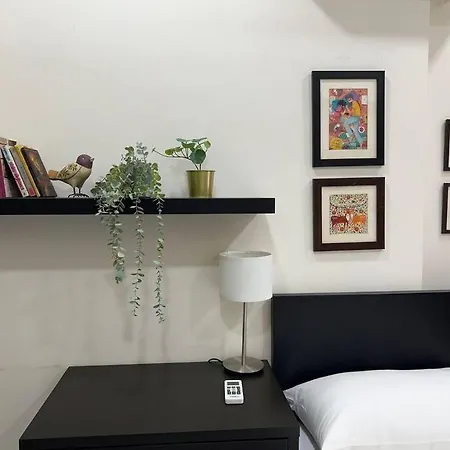 Jastcon, 19th Rd, Khar, Ambedkar Colony By Connekt Homes Apartment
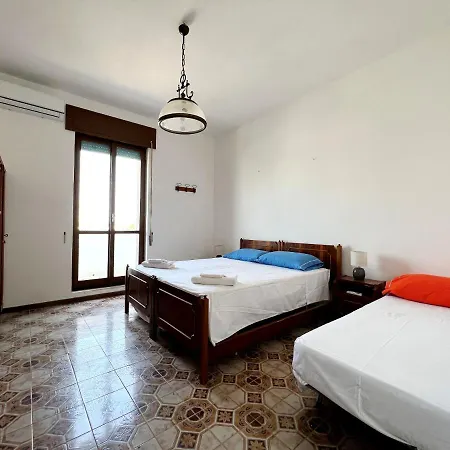Apartment Torre Dell'Orso Marta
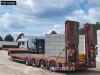 Nooteboom 0SD04072-S17DE-1H1H 4 axles NO PAPERS Ausziebahr 2xSteering RAMPS Photo 3 thumbnail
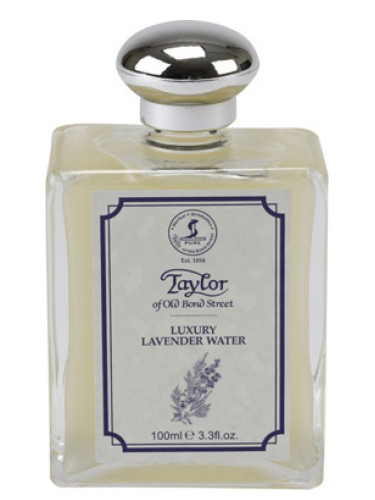 Lavender discount water cologne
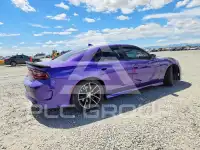 2016 Dodge CHARGER photo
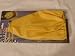 Automotive : APC Yellow Shift Boot- Universal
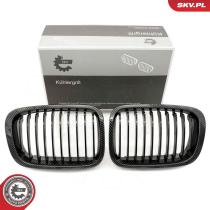SKV 66SKV065 - Rejilla del radiador 66SKV065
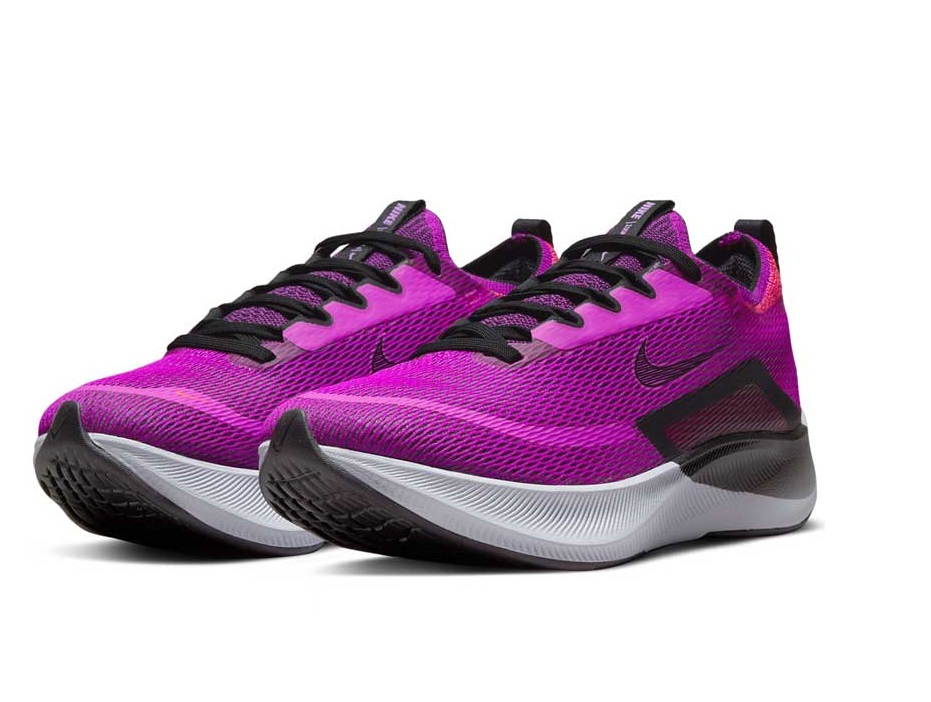 【楽天市場】NIKE WMNS ZOOM FLY 4 ナイキ ウィメンズ ズーム フライ 4：AS-STOCK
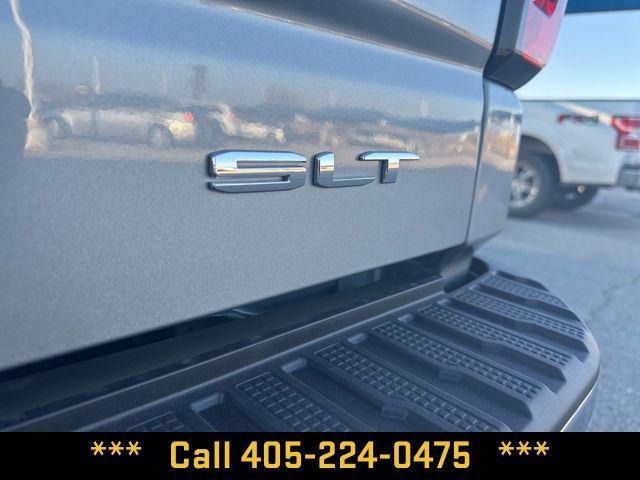 new 2026 GMC Sierra 1500 car, priced at $59,250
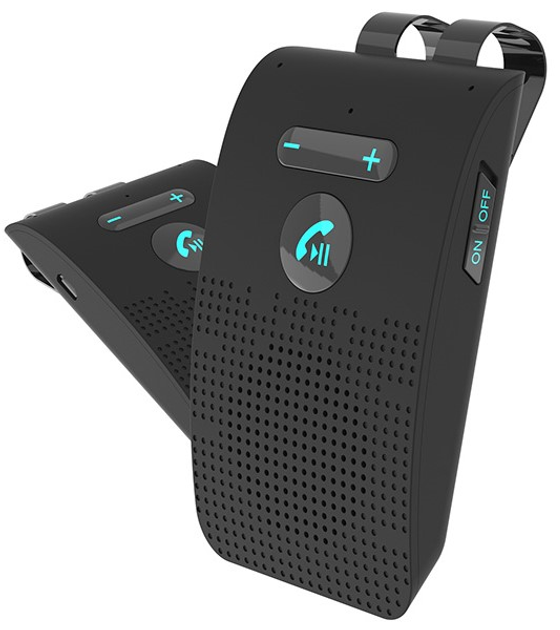 Zestaw głośnomówiący Tracer BG-5 (TRACAU47195) - obraz 4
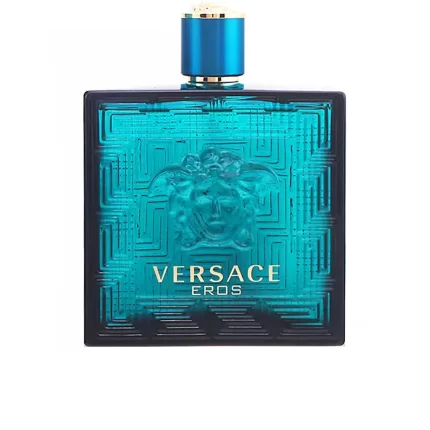 EROS eau de toilette vaporisateur 200 ml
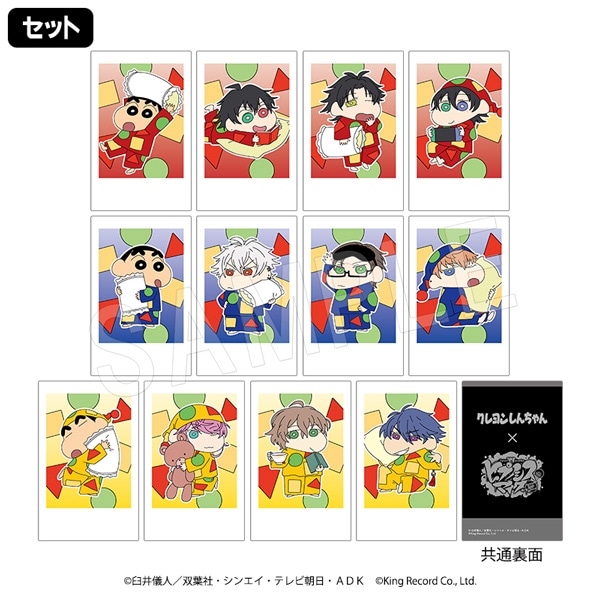 ヒプノシスマイク クレヨンしんちゃん ジップパーカー LLサイズ オオサカ ヒプノシスマイククレヨンしんちゃん オオサカジップパーカー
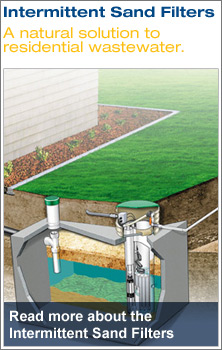 Intermittent Sand Filters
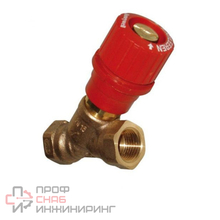 Клапан запорно-измерительный Honeywell Ру16 Ду20
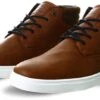 Lloyd & Pryce Camel / Tan Hardy Lace Up Shoe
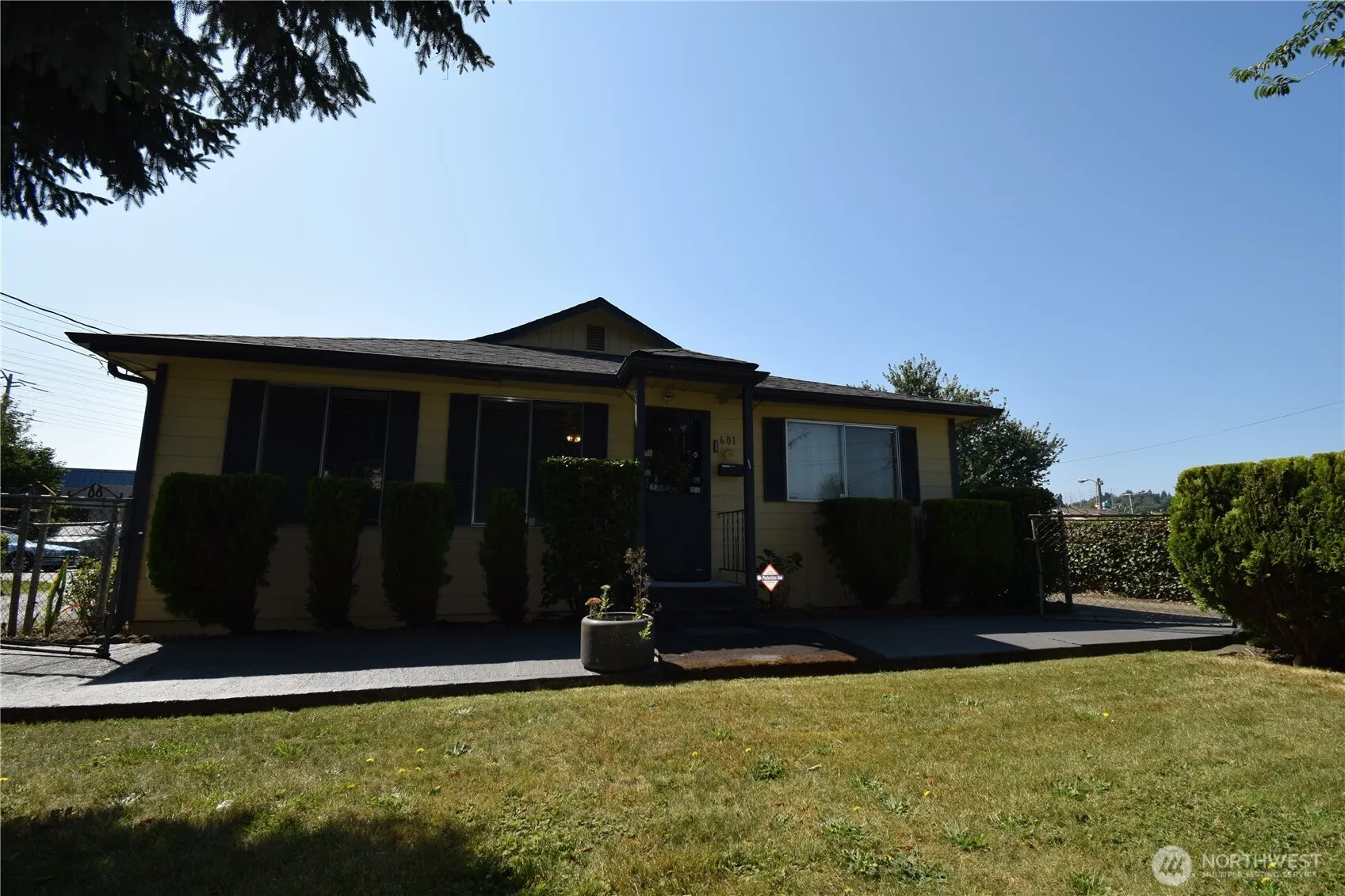 601 Shattuck Avenue S, Renton, WA 98057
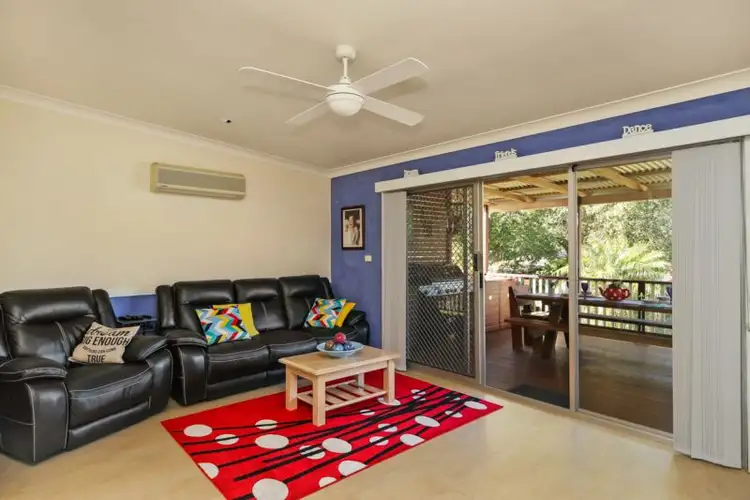 Second view of Homely house listing, 1 Andrew Street, Warners Bay NSW 2282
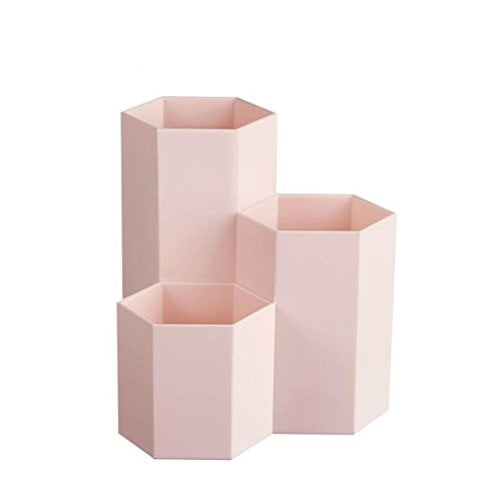 Hot Sale Hongxin Pencil Holder For Desk Office Simple Style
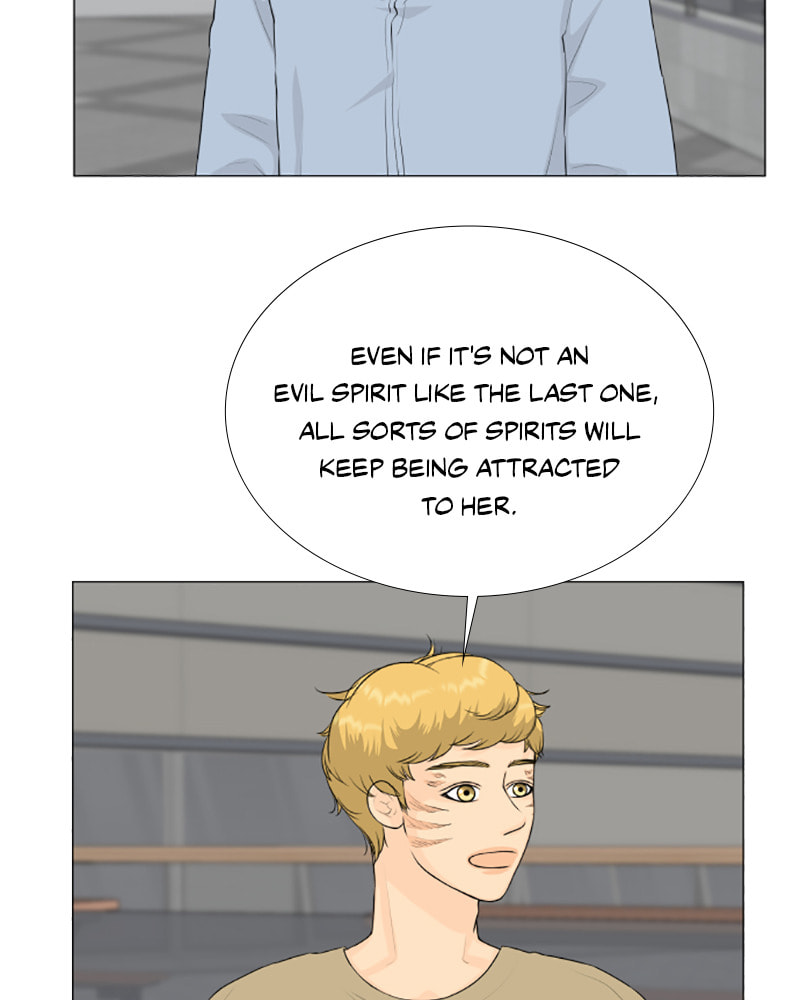 Half-Ghost Chapter 129 page 57 - 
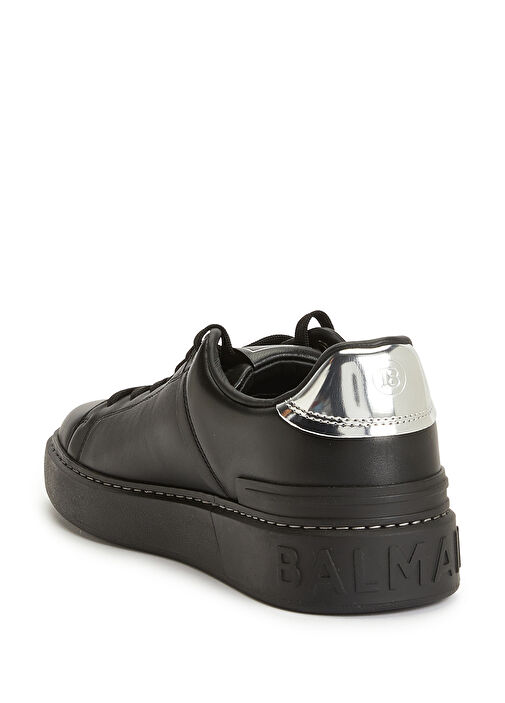 Balmain Erkek Sneakers - Görsel 4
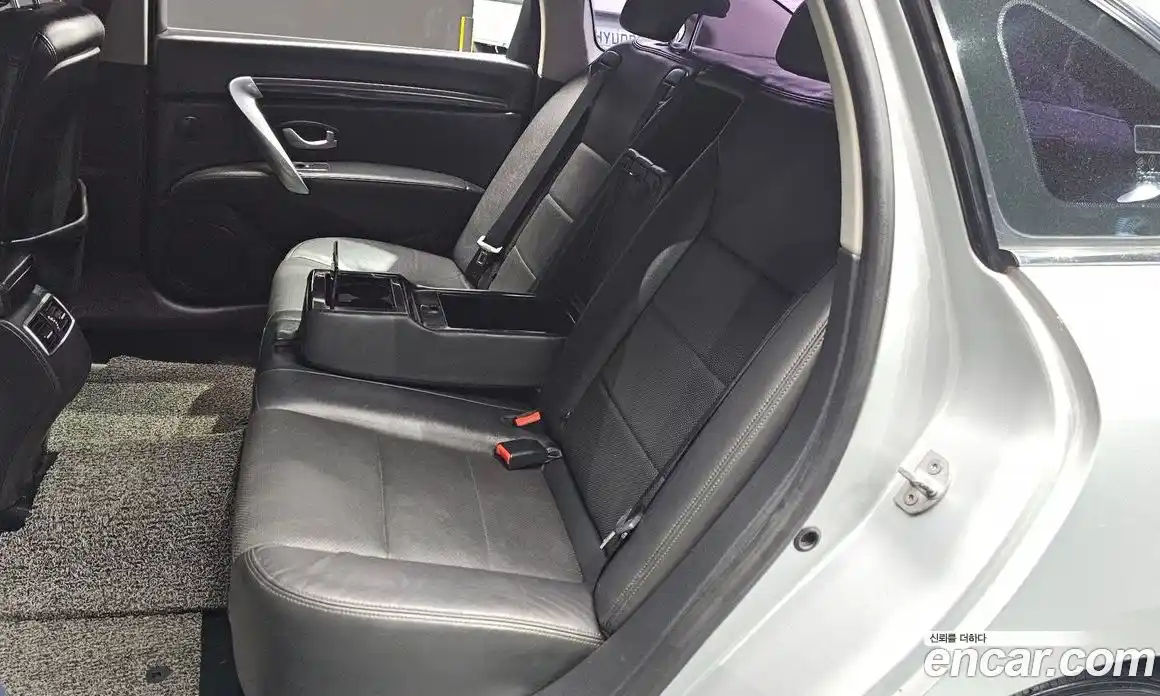 Renault SM7 2016 2.0 гидро в Москве № 1615728, фото 12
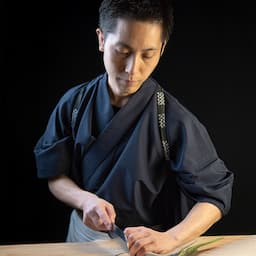 料理人ショウゴの和レシピ帖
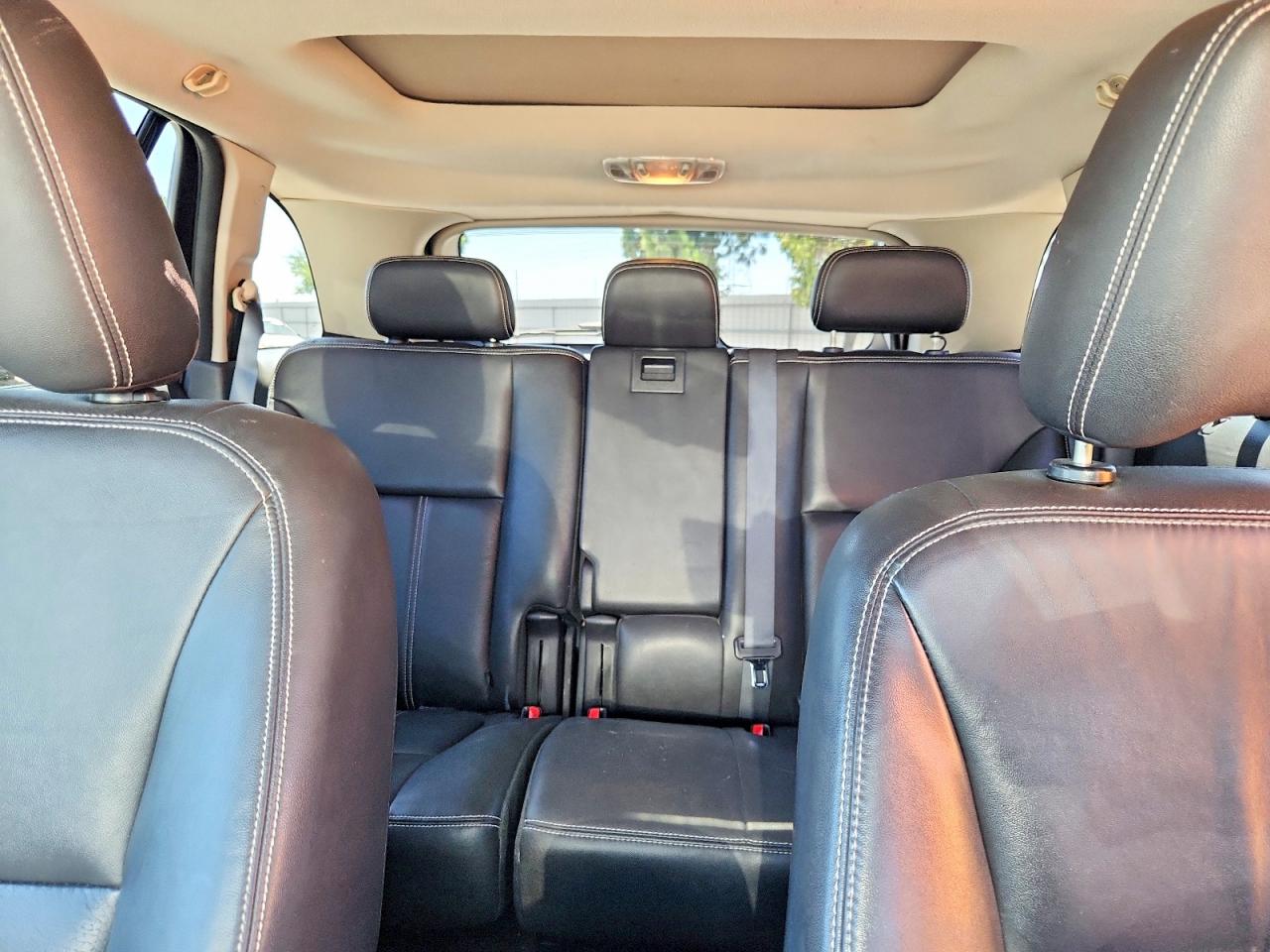 2010 Ford Edge Sel Gray vin: 2FMDK3JC8ABA83775
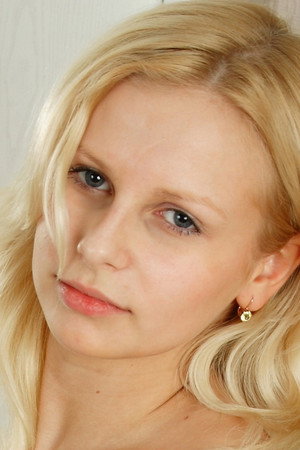 Aida Owens portrait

++++

> **PROMPT**: Only one part of the material above is wanted: the lines from the one with "Intermittent Sand Filters" up to and including the one with "Balmain Erkek Sneakers - Görsel 4". Please copy them exactly, pictures left out.

> **SOLUTION TO THIS EXERCISE**:
 Intermittent Sand Filters
 Клапан запорно-измерительный Honeywell Ру16 Ду20
 Lloyd & Pryce Camel / Tan Hardy Lace Up Shoe
 601 Shattuck Avenue S, Renton, WA 98057
 Second view of Homely house listing, 1 Andrew Street, Warners Bay NSW 2282
 Hot Sale Hongxin Pencil Holder For Desk Office Simple Style
 Half-Ghost Chapter 129 page 57 - 
 Balmain Erkek Sneakers - Görsel 4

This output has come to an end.